Another mostly uneventful day. They started her chemo a little earlier today and will start it a little earlier tomorrow so we can go home as early as possible. The doctor on call here this week brought up the possibility of having to stay while her numbers drop and then come back up. I was very upset when I heard this. However they checked with the oncologist that is in charge of her care and she was okay with us going home. So that is one less worry.

Her oncologist also came to talk to us about the possibility of getting stem cells from Ambrosia to be used later with a high dosage of chemo. She explained that they take the stem cells after giving a medicine that helps boost her numbers up and releases what they need into the blood stream. Then they hook her up to a machine and collect the stem cells. However, she thinks Ambrosia's weight is not where it can be to be able to collect it that way. They can harvest the bone marrow a different way by taking some from both of her hip bones. They would put her under anesthesia for it and it would be an outpatient procedure. She will be talking with others to figure out which route they will take.

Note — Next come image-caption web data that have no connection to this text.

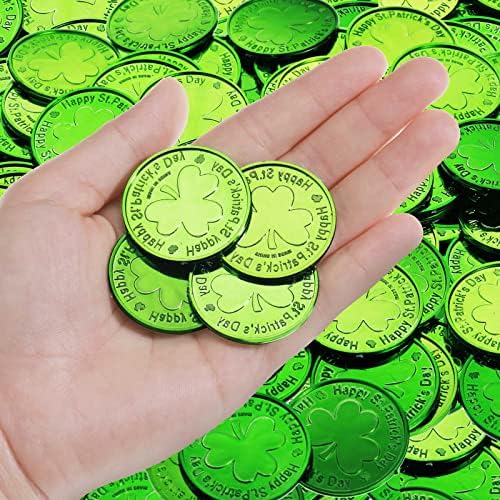 Individual Irish party favor coin dimension view showing the one point four inch diameter.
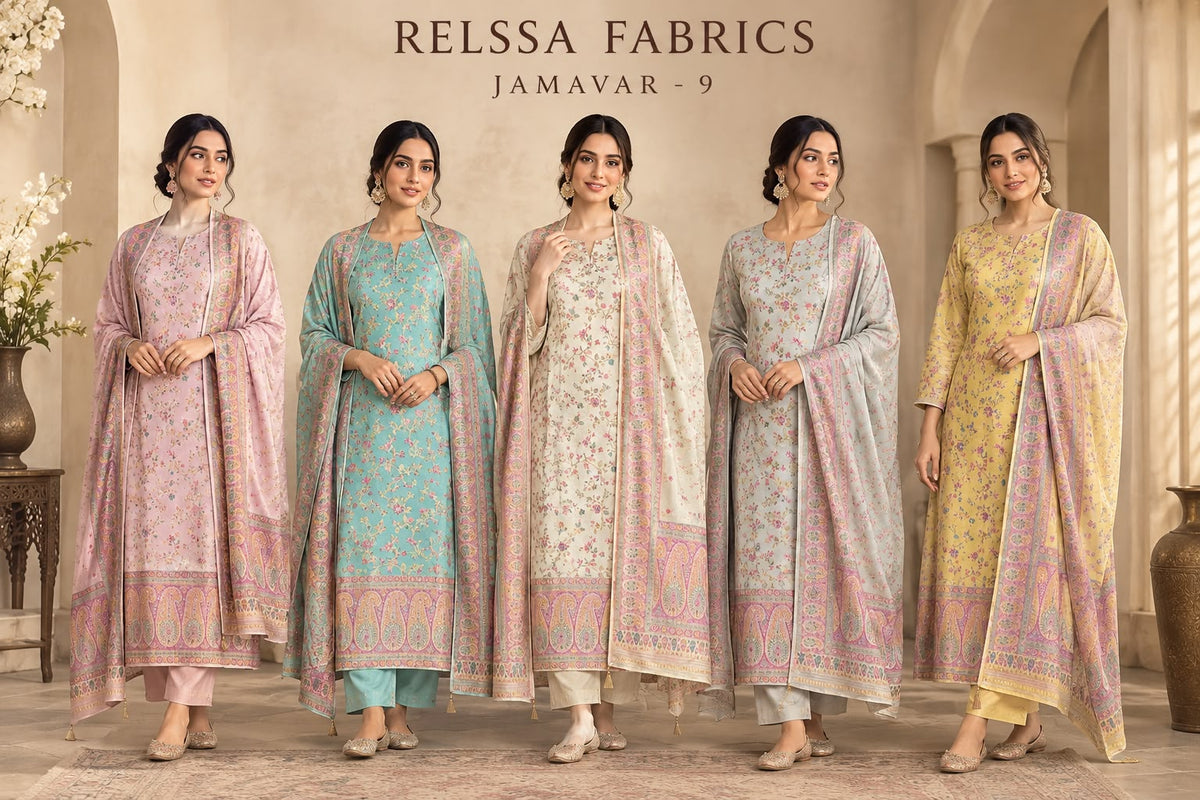 Jamavar Vol 9 Relssa Fabrics Jacquard Pant Style Suits Wholesaler India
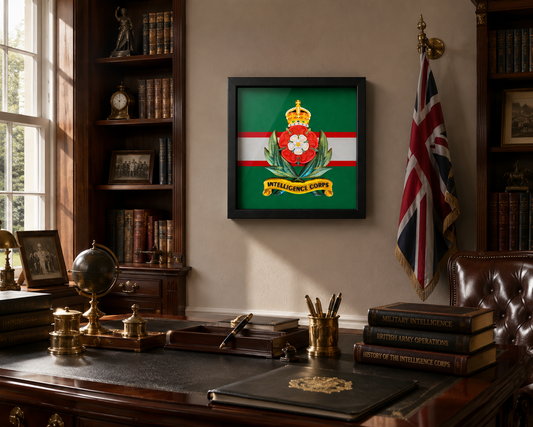 Intelligence Corps King's Crown Cap Badge Display Frame- Precision Military Emblem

They will then keep her stem cells frozen until the high dosage of chemo is scheduled. They won't schedule that until almost all of the tumors are gone, if not already completely gone. The hope is to do a scan during the week of the 25th to see if the tumors have shrunk. They will then have the surgeons look to see if the tumor on her liver looks small enough to be removed yet and if the ones on her lungs are completely gone or few enough to also be removed. Dr. Cheerva thinks it will take 2 to 3 more rounds before they are shrunk enough for surgery. She is only speculating at this point.

After knowing that the tumors are gone or small enough to be completely removed, they will do surgery. Then after recovery time from that, they will do the high dosage of chemo and then "rescue" her bone marrow by putting her own stem cells back in her. It is put in through a line just like a transfusion. They want as much as the tumors to be gone as possible before doing the high dosage of chemo so they can get anything that might be lingering in her system.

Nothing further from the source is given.